Collard Greens with Lima Beans and Smoked Turkey
(This one pot meal can be made up to three days ahead and refrigerated)
1 10-ounce package frozen lima beans
1 tablespoon olive oil
2 cups vertically sliced red onion
3 cups fat-free, less-sodium chicken broth
1 cup sliced smoked turkey breast
½ teaspoon dried thyme
¼ teaspoon crushed red pepper
3 garlic cloves, minced
1 bay leaf
8 cups sliced collard greens (about ½ pound)

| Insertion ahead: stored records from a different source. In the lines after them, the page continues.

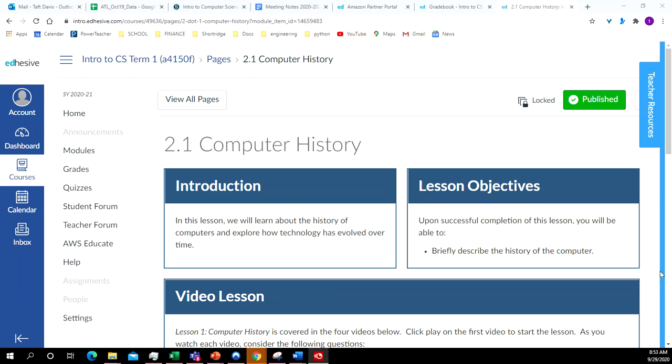All right, today we're going to be looking at lessons 2.1 and 2.2. These are both short lessons, so they should both be able to be finished during this class period.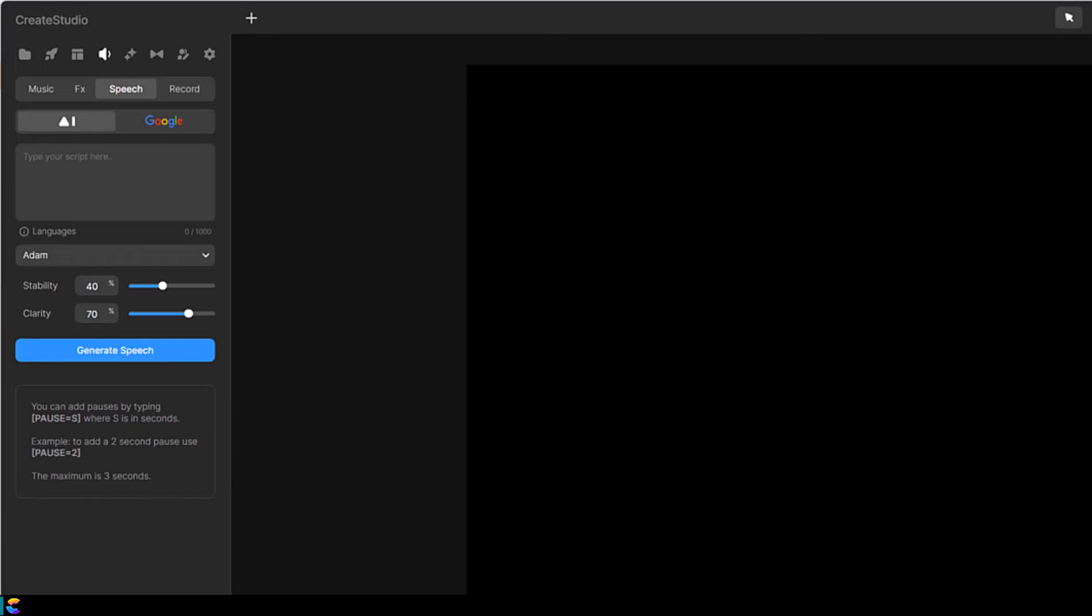In this tutorial, I will show you where Create Studio 3 gets its AI voices and how you can get 10,000 more free characters each month. Keep watching and I'll show you how.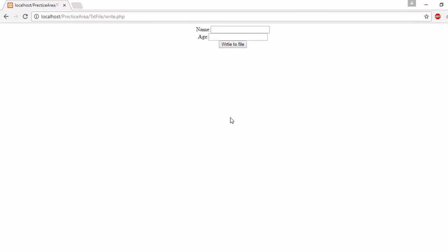Hello friends, welcome back. Today in this video we will see a small PHP script that will take input from a text box and write that input into a text file. On the screen you can see here two text boxes.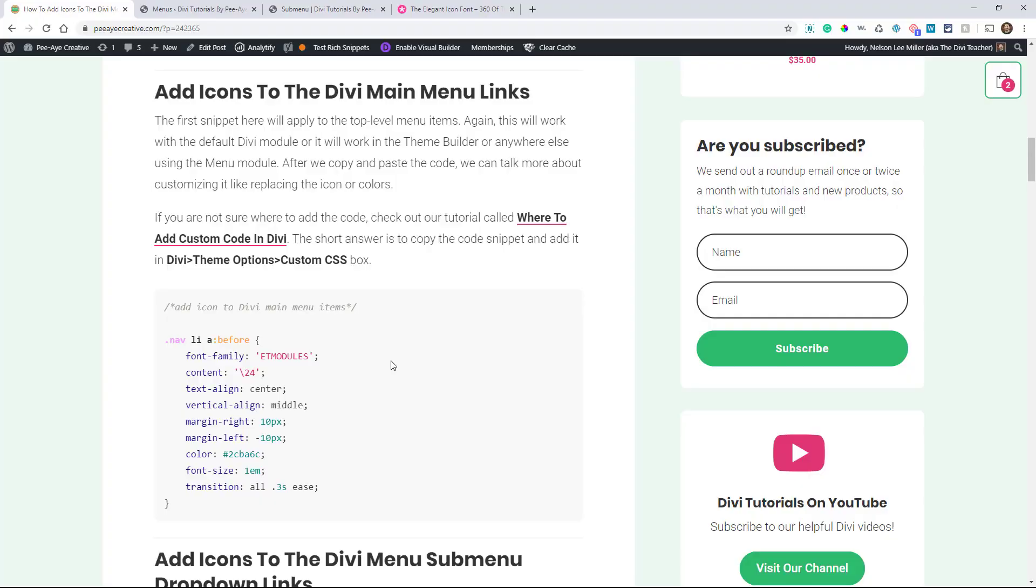All right, so let's start with the main menu links. And this tutorial, it's going to work for the menu module, the new menu module, if you have it in the theme builder or anywhere on your page, but it's also going to work with the default menu. So when I first started making it, I was going to make it exclusive to the menu module, but then why not just kind of make it generic and work for both.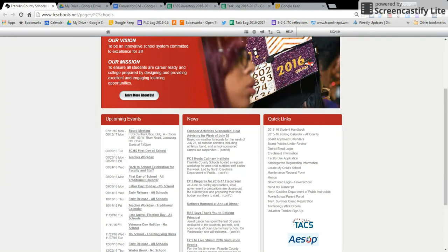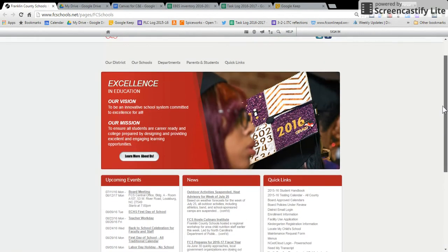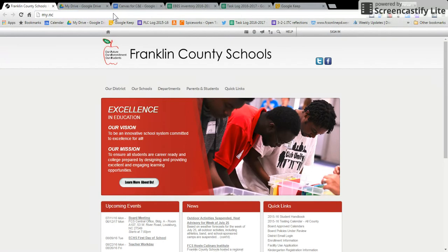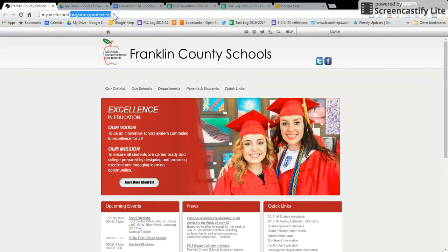The other way to do this is to type in the address bar my.ncedcloud.org and enter.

2 tablespoons red wine vinegar
1 (14.5 oz.) can diced tomatoes, undrained
¼ teaspoon salt
¼ teaspoon black pepper
Thyme sprigs, optional
Preheat oven to 375º. Heat oil in pan over medium-low heat. Add onion; sauté 10 minutes. Add beans, broth, and the next 5 ingredients (beans through bay leaf); bring to boil. Cover and bake at 375º for 1 hour and 15 minutes. Stir in collards, vinegar, and tomatoes. Cover and bake an additional 1-hour or until beans are tender, stirring occasionally. Stir in salt and pepper. Discard bay leaf. Garnish with thyme sprigs, if desired. Yields seven 1-cup servings.